Saturday, November 5, 2011

Double Standards

I despise them. They're one of my BIGGEST pet peeves and I have little to no respect to anyone who has them. With that being said, this past week I think God has my attention on respecting my husband. I guess that would be why this week was FULL of double standards on his part.

He can take his time with things when I ask him to do something for me but if I don't jump the second he asks me to do something (or if it's not done the same week at least) I definitely hear about it.

Example: I wanted the bedroom changed around for the LONGEST time (probably since we changed it after Shiloh was moved out of our room and into her crib as a baby). I told him multiple times that I didn't like the bedroom the one way and wanted it back the other way. Well, he didn't like it that way so it didn't get moved...UNTIL about 3 weeks ago when HE was ready to move it. Who does that sound like?
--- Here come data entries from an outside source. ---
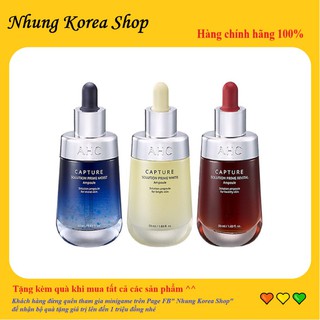(Đủ bill) Tinh Chất Dưỡng Ẩm Trắng Da AHC Capture Solution Max Ampoule Chính Hãng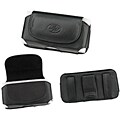 iPhone Horizontal Leather Holster with Belt Clip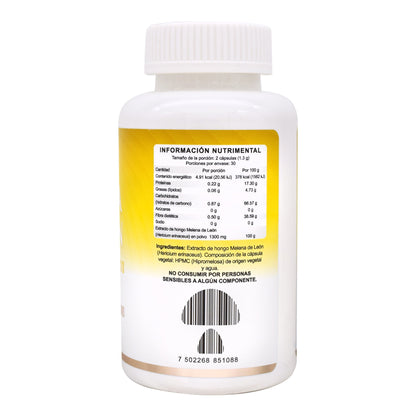 Melena De Leon 60 Cápsulas (MUSROOM)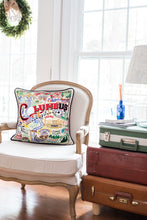 Load image into Gallery viewer, Columbus Hand-Embroidered Pillow - catstudio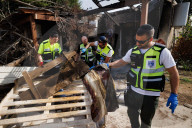 ZAKA recovery operation in Kfar Aza kibbutz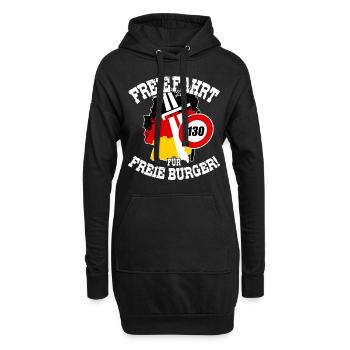 FREIE FAHRT FÜR FREIE BÜRGER Kein Tempolimit - Hoodie-Kleid - Schwarz - Vorne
He can talk to me a certain way in front of the kids but I can't talk to him a certain way in front of the kids.

Example: if he's handling something wrong with them I'm not allowed to address it right then and there (when we're both thinking about it and when it's an issue...instead of forgetting about it or being afraid to bring it up later for fear of starting a fight and side note, I feel like I can't takl to him about ANYTHING so things just build up and I respond in anger) but he's allowed to address something in front of the kids if I'm not handling something the right way. Like last night at the bookstore. Karis had a little butter packet from Panera Bread and Kenny was making the biggest deal about her giving it to him so he could throw it away. Seriously, WHAT'S THE BIG DEAL?!?! It's a butter packet!!!! Let her hold the damn thing!!! So I said something very similar to him and he gives me a look and says, "Don't do that." Later on, when we got home, I started cleaning up Karis' room before bedtime (since no one else does it) and Kenny had been walking past the stuff for days and I got huffy and he YELLS at me in front of Karis! Seriously?!?! So it's okay for you to do it but not me?
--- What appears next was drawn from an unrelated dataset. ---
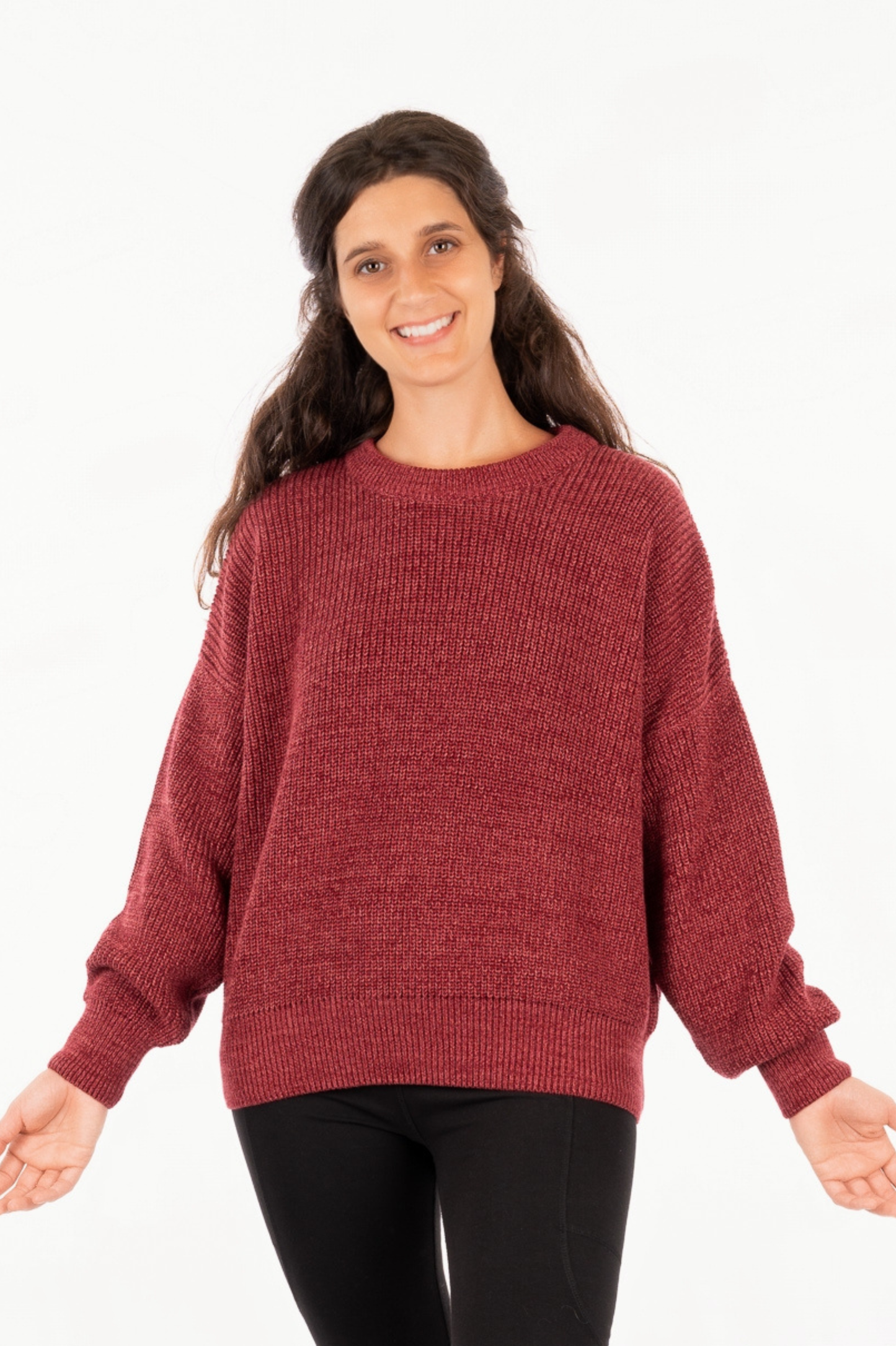YKF25-02_HUT - Pull tricoté en coton biologique 2 tons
And on top of all that he was hoping to get laid that night?! I don't think so. I don't see any friendship qualities these days so why would I want to be intimate with someone who isn't a friend? There's no kindness, no respect (and it's not just on his part, I know that, but I think my issues are in direct response to how he acts and treats me...I don't just act that way because I'm a bitch, someone has to provoke me to respond that way).

I've noticed that these (and so many more) double standards are causing me to harbor anger and resentment. I can't stand it any more.